SUPPLIED RECORDS:
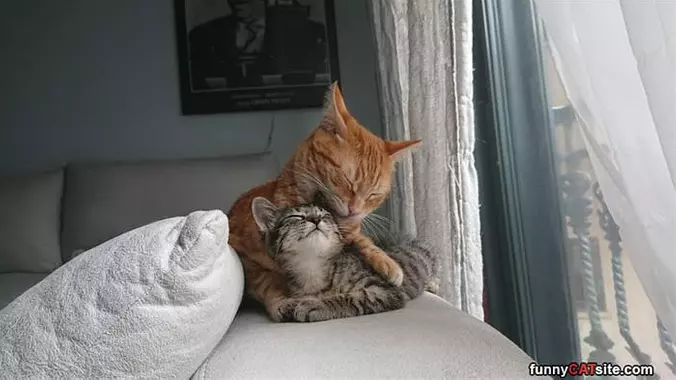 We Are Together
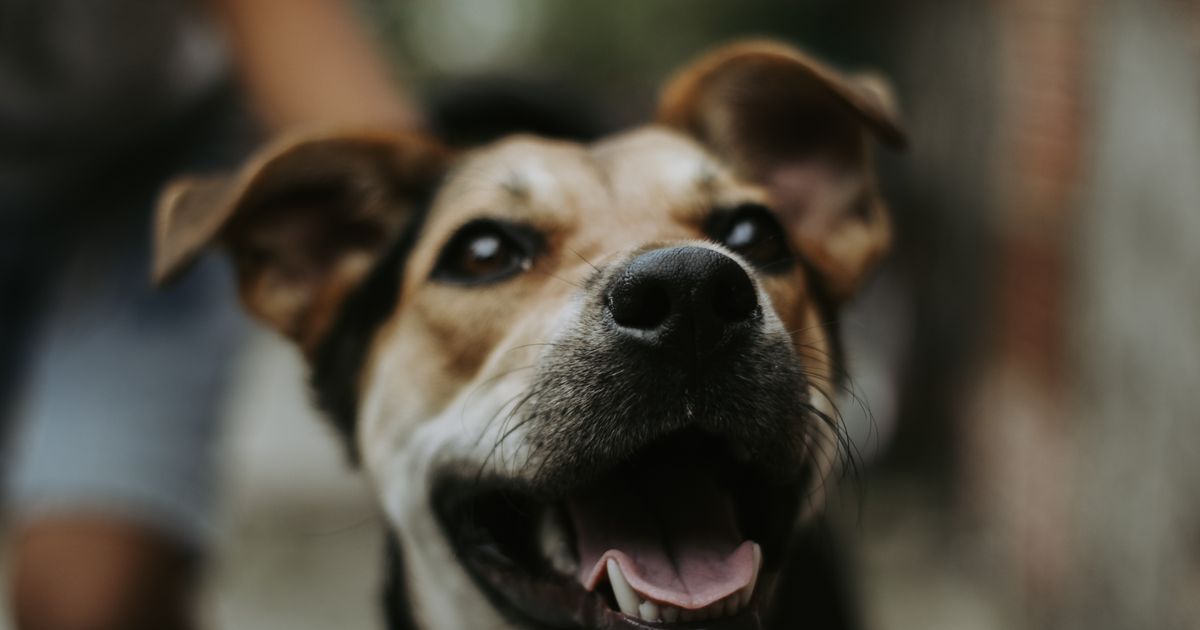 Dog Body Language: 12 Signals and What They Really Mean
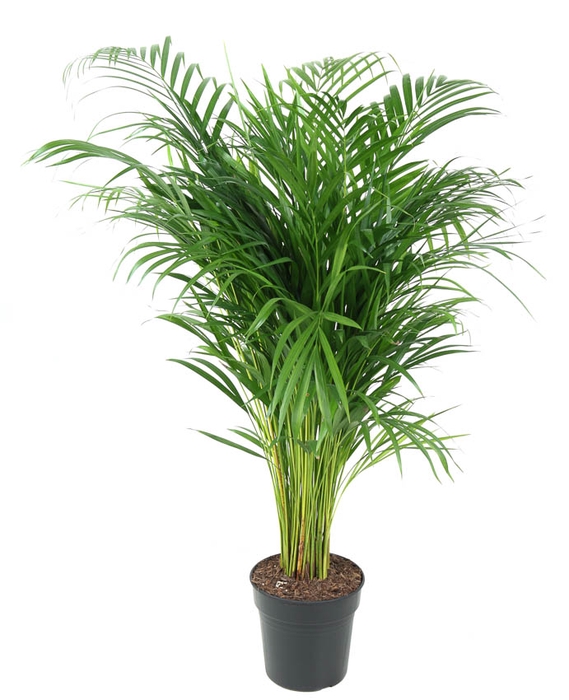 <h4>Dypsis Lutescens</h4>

---

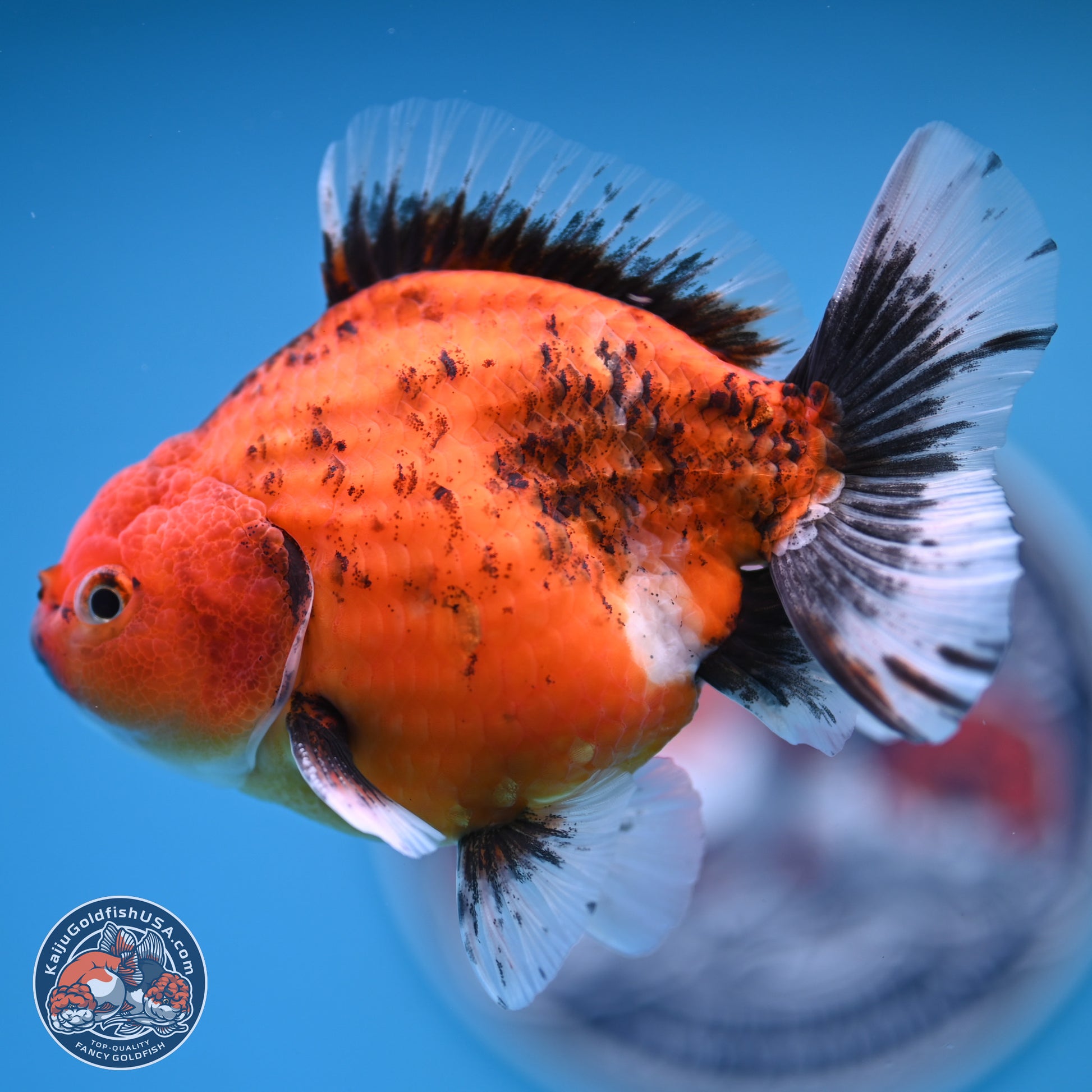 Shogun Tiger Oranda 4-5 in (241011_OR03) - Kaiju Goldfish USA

==

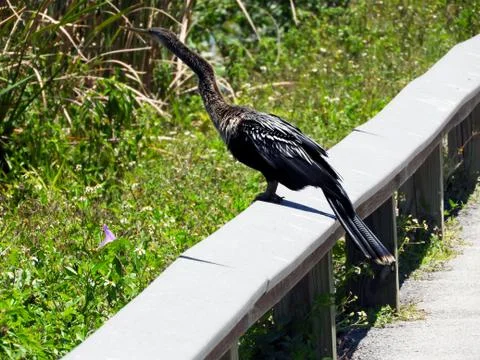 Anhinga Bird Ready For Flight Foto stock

AIM OF THE EXERCISE:
What is needed is an exact copy of the lines above, from the one holding "We Are Together" down to the one holding "<h4>Dypsis Lutescens</h4>", with those two included and the pictures left out.

WRITTEN REPLY:
 We Are Together
 Dog Body Language: 12 Signals and What They Really Mean
 <h4>Dypsis Lutescens</h4>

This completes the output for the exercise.